Cryptocurrency mining

Mining is finding a hash of a block that satisfies a certain difficulty. The hash is calculated of the header of a block, where the miner can freely choose the value of a number of bytes within that header: the nonce. The miner keeps on trying different values for the nonce until it find a hash that satisfies the difficulty. The difficulty can be converted into a target hash. The calculated hash should be a smaller value than this target hash. This basically means is that the hash should contains a number of leading ‘0’-bits.

The following Python-code demonstrates the main loop of a mining algorithm:

def mine(header, target):
  for nonce in range(0, 0xFFFFFFFF):
    input = header + nonce
    output = hash(hash(input))

    if output < target:
      return nonce

This examples shows that there are actually two hashes that have to be calculated for each nonce. The first one consists of the concatenation of the header and nonce, together 80 bytes. A second hash is calculated of the 64 bytes (512 bits) result. This second hash is then compared to the target hash.

Groestl hashing algorithm

The hashing algorithm I’m implementing is Grøstl. Grøstl is one of the finalists for the SHA-3. Moreover, it is one of the least used hashing algorithms for cryptocurrencies, such that there are less existing FPGA implementation available. A clear mathematical description of the Grøstl specification is available of their website, as well as an Grøstl implementation guide. The design of the hashing algorithm is inspired by the Rijndael block cipher, AES.

Hash function

The specification defines hash functions with different input and output sizes. For mining purposes, only the largest one is of interest, Grøstl-512, which returns a 512-bit hash. The hashing function compresses a message stream (\(m_i\)) into this 512-bit output. For this 512-bit output, the input is split into blocks of 1024 bits, where the last block is padded to this same length. A simplification is made here specifically for mining, since the message can always be contained in a single block.

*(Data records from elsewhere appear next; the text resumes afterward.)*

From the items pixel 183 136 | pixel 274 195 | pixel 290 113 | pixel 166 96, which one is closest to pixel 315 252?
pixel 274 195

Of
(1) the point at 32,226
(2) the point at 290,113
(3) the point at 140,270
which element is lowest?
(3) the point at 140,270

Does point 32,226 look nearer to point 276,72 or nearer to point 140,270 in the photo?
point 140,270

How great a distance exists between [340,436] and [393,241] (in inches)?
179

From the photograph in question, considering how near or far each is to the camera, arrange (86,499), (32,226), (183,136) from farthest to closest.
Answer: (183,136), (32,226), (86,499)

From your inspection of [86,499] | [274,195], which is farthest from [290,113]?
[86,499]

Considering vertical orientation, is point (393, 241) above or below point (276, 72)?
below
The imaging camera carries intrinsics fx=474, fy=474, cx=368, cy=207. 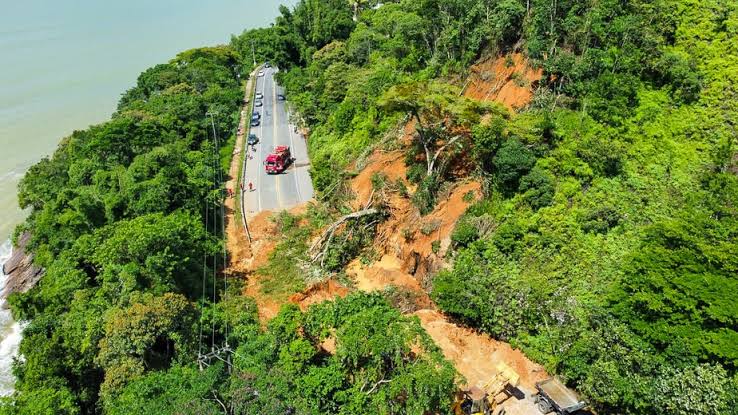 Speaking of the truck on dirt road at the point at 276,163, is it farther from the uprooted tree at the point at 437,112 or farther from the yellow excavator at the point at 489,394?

The compression function \(h(i)\) is specified as follows:

\[h(i) = P(h_{i-1} \oplus m_i) \oplus Q (m_i) \oplus h_{i-1}\]

It consists of two 1024-bit permutations P and Q and a few XOR-operations (\(\oplus\)). After the compression function processes all message blocks (a single one for mining), a final P permutations is applied, another XOR-operation, and a truncation to 512-bit, to end up with the final hash:

\[\text{hash} = \text{trunc}_{512} (P(h_0) \oplus h_0)\]

Permutation round

The permutation functions P and Q, consist of a number of round transformations. In Grøstl-512, 14 rounds of these transformations are applied. Each of these round consists of 4 transformations:

  1. AddRoundConstant
  2. SubBytes
  3. ShiftBytes
  4. MixBytes

A round R is composed for these four functions:

\[R= \text{MixBytes} \circ \text{ShiftBytes} \circ \text{SubBytes} \circ \text{AddRoundConstant}\]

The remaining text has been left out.